Eyes on the Art Fund Prize - Museums Association

Eyes on the Art Fund Prize

In the gloomy climate of funding cuts, the £100,000 Art Fund Prize is an attractive proposition for museums. Gareth Harris reports
As funding cuts continue to hit national and regional museums across the UK, institutions will no doubt take particular interest in the £100,000 Art Fund Prize for Museum of the Year, the deadline for which is 10 February.

Stephen Deuchar, director of the Art Fund, says: “The prize focuses on specific museums and the remarkable things they have achieved in the past year. Last year’s winner, the William Morris Gallery in Walthamstow, is a model of curatorial excellence.”

Sector professionals say that throwing the spotlight on lesser-known institutions is particularly welcome.

“The Art Fund Prize is a great way of raising the profile of a huge range of museum projects, particularly as the associated publicity searchlight casts much-needed attention on the smaller short-listed projects,” according to museum consultant Len Pole.

The award shortlist will be revealed on 23 April, with the winner announced on 9 July at London’s National Gallery.

A Museums Summit featuring the judges, which will focus on the achievements of UK museums within an international context, is due to take place the same day.

Significantly, the £10,000 Clore Award for Museum Learning, which has been presented in tandem with the Art Fund Prize, will no longer be a separate award, as the three-year agreement with the Clore Duffield Foundation has now ended.

A spokeswoman for the Art Fund says: “Learning and outreach are now part of the prize criteria, and Sally Bacon, director of the Clore Duffield Foundation, is on the judging panel.”

Public opinion

In 2012, the Art Fund controversially dropped an online poll that allowed the public to back one of the longlisted museums.

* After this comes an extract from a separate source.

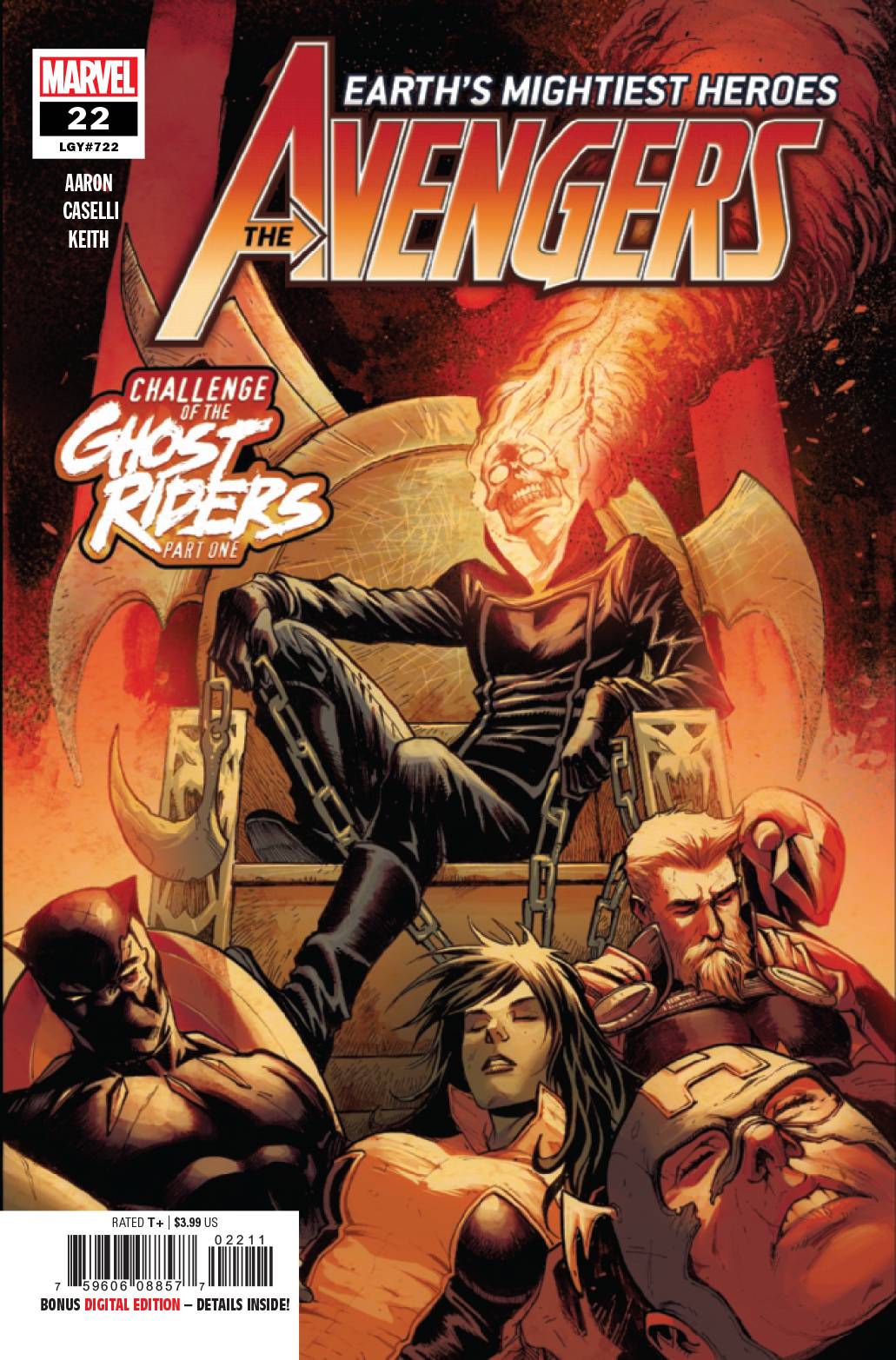 Avengers #22 (2018)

This year, the public will have a say in which museums should be in the running through various social media sites.
Winners have used the prize money for a diverse range of projects.

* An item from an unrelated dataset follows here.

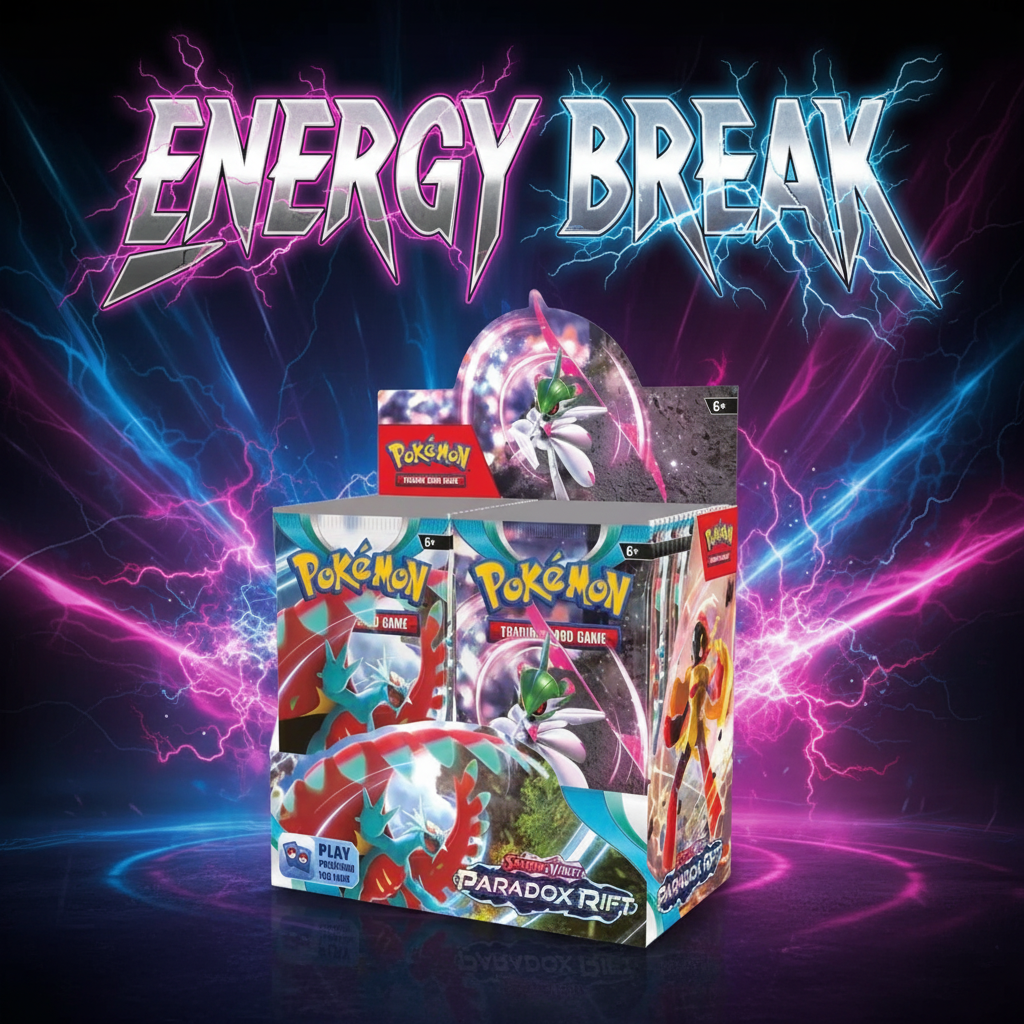 Pokemon - Paradox Rift - Energy Break (8 Spots)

The British Museum, which won in 2011, used the money to fund a series of “spotlight tours” of individual objects to partnership museums across the UK.

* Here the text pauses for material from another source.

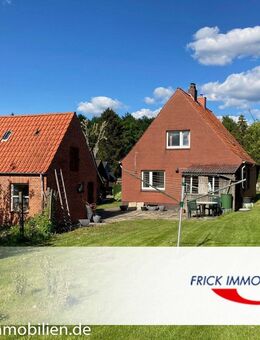Einfamilienhaus auf großem Grundstück (vermietet) - Scharbeutz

Marilyn Scott, director of the Lightbox in Woking, which won in 2008, says: “We used the funding in part to pay for things that we had not been able to complete before opening, such as improved disabled facilities.”

She adds that the prize transformed the gallery’s profile: “It brings immediate national attention, which is vital for development.”

The financial reward is not the only benefit of winning the prize. Former judge and freelance museum adviser Tristram Besterman says: “The recipient may be spared cuts because it is seen as a success, and it would be embarrassing to subject a prize-winning enterprise to the threat of closure.”

An ex-judge’s tips

Read the criteria and follow the instructions to the letter. The applications are all that judges will see to draw up their shortlist for visits. Not supplying what is requested, in the correct format, reduces your chances.

Understand what the prize is for. It’s not an architecture prize, or a prize for professionalism. It is about the whole museum. Winners must be outstanding and help raise the sector’s profile.

Make it easy for the judges when they visit. Let them experience the museum in the same way the public would.